HOW TO COMPLETE THIS TASK
Go to the line below containing "Soft Twist Maxi" and print exactly from there through the line containing "Chemise Rayure Gris", both included. Print nothing else.

RECORDED INFORMATION
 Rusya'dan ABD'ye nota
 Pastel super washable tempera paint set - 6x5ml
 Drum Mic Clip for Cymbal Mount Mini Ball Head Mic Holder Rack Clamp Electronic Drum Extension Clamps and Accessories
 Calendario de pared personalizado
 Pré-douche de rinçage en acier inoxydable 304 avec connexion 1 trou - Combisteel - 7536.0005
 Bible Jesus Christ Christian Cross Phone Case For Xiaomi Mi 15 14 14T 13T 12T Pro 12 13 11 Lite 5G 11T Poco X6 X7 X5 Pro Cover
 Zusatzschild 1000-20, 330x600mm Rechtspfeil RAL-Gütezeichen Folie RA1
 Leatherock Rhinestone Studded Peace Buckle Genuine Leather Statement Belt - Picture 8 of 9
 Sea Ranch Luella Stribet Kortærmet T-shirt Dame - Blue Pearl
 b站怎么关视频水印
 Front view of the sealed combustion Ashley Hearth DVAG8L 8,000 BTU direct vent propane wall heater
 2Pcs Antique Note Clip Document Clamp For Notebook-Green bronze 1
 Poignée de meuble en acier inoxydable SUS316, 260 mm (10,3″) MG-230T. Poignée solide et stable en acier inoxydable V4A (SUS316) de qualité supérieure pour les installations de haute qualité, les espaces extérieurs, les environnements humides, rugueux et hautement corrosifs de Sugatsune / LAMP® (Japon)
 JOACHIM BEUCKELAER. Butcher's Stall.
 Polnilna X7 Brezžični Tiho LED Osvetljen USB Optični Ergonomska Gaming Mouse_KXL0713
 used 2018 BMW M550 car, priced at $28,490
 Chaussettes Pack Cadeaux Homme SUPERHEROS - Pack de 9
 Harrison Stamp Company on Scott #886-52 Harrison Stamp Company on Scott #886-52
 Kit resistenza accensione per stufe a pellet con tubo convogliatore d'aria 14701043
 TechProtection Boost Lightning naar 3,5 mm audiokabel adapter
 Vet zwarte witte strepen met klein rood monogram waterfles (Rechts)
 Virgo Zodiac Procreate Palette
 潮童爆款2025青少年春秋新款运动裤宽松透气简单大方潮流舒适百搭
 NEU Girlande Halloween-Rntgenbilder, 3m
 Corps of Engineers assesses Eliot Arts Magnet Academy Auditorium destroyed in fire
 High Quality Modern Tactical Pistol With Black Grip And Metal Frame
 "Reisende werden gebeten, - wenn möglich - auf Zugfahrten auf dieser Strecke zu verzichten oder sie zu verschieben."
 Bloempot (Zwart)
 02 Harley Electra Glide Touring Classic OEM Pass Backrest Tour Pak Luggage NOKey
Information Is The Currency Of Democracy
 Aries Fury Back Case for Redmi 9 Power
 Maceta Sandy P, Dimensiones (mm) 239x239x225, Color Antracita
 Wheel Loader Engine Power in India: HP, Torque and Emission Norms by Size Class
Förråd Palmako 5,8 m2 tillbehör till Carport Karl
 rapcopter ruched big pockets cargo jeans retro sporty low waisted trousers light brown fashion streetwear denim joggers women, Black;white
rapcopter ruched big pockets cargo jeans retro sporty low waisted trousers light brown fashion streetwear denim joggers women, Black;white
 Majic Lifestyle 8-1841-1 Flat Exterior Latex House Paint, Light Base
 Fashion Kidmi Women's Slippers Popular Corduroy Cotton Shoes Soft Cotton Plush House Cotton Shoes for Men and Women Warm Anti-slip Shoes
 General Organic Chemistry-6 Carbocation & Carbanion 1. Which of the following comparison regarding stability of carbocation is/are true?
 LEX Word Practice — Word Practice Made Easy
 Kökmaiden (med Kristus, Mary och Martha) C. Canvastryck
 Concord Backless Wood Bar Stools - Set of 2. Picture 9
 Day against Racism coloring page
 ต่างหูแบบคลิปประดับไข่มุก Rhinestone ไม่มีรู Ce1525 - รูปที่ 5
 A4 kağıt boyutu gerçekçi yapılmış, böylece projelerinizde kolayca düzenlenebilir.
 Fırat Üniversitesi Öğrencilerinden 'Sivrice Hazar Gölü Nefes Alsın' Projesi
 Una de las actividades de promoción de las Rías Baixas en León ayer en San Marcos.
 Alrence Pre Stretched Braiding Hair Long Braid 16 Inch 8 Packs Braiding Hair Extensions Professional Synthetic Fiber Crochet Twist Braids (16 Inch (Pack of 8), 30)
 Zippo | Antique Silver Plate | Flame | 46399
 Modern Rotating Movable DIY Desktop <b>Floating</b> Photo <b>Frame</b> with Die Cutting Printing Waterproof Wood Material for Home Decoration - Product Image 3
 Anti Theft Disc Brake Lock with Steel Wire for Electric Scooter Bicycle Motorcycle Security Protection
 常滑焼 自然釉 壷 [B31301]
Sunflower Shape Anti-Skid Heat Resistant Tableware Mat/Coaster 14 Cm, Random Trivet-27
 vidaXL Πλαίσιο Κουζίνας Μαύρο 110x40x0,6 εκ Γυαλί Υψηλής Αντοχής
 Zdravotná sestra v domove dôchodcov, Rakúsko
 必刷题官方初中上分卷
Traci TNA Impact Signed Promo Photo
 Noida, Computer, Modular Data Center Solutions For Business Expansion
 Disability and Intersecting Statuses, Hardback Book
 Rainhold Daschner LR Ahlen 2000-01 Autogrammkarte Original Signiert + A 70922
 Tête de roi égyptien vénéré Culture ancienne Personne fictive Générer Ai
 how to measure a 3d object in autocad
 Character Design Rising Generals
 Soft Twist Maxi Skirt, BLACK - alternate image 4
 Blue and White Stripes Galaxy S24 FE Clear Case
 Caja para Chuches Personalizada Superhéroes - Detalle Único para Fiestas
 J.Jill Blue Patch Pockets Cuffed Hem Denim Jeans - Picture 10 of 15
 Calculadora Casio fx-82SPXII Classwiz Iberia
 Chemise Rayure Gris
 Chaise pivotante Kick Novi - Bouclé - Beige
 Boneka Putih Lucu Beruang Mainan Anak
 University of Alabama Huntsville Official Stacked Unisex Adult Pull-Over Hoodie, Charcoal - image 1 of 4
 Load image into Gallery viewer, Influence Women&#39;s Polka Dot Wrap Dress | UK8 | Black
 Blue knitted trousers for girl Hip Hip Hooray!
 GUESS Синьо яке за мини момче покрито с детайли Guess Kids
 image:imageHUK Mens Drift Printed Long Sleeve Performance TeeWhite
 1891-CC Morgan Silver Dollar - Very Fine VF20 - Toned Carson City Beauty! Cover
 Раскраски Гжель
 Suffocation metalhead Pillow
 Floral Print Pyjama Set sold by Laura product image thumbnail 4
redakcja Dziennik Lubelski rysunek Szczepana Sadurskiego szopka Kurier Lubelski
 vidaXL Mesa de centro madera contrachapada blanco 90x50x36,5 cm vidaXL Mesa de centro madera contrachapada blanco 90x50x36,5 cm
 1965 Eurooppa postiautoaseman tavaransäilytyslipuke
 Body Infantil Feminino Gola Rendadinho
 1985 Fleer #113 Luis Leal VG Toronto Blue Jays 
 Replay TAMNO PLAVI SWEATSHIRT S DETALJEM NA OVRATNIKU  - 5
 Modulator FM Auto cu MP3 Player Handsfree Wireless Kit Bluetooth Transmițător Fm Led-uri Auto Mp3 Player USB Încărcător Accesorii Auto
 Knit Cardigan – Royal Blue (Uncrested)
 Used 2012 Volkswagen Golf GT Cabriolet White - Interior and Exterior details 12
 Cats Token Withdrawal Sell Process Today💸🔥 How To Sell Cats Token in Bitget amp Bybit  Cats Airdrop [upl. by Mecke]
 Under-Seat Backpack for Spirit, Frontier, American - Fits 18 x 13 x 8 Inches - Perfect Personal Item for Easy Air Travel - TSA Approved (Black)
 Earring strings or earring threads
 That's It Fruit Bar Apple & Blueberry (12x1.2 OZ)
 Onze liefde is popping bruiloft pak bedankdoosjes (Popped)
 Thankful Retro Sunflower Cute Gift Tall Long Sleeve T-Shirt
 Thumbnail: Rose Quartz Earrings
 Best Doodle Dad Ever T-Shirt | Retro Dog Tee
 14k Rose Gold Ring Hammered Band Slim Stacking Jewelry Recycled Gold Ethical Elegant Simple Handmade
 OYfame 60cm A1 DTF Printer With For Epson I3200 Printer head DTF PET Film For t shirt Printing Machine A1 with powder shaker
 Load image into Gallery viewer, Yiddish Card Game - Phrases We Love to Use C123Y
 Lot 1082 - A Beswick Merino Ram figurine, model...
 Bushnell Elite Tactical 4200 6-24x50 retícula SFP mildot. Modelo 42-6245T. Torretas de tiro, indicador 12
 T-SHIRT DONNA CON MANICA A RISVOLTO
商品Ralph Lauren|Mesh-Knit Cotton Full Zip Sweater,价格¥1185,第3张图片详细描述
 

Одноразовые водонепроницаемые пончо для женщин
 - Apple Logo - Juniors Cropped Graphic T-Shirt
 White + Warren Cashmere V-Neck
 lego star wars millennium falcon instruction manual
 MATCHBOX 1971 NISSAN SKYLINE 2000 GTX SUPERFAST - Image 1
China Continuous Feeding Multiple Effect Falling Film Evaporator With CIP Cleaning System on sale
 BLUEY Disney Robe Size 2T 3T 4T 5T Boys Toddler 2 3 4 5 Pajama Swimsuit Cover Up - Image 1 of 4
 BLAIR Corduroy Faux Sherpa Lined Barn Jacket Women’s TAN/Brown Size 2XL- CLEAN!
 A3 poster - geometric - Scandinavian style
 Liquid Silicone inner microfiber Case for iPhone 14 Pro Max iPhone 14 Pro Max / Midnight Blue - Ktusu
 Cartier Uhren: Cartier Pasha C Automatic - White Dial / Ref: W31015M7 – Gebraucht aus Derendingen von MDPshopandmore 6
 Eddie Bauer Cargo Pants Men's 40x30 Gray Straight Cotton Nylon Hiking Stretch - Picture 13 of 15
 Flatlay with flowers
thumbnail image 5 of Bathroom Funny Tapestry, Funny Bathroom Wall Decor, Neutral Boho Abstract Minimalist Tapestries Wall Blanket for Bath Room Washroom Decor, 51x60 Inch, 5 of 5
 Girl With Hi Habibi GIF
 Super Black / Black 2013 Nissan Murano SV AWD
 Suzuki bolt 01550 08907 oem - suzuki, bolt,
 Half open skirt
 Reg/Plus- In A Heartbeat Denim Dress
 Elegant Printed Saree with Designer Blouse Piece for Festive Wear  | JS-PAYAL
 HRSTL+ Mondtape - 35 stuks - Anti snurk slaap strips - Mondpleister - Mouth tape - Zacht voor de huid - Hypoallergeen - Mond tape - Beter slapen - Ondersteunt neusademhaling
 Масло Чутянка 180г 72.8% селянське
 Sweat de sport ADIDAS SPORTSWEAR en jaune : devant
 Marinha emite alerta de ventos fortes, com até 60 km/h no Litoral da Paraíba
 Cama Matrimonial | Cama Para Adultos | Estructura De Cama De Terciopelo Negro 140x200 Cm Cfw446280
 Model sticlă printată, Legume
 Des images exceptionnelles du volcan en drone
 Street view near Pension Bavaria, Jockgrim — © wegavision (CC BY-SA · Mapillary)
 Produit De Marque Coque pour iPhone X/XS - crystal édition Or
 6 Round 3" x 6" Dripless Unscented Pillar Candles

REPLY TO THE EXERCISE
 Soft Twist Maxi Skirt, BLACK - alternate image 4
 Blue and White Stripes Galaxy S24 FE Clear Case
 Caja para Chuches Personalizada Superhéroes - Detalle Único para Fiestas
 J.Jill Blue Patch Pockets Cuffed Hem Denim Jeans - Picture 10 of 15
 Calculadora Casio fx-82SPXII Classwiz Iberia
 Chemise Rayure Gris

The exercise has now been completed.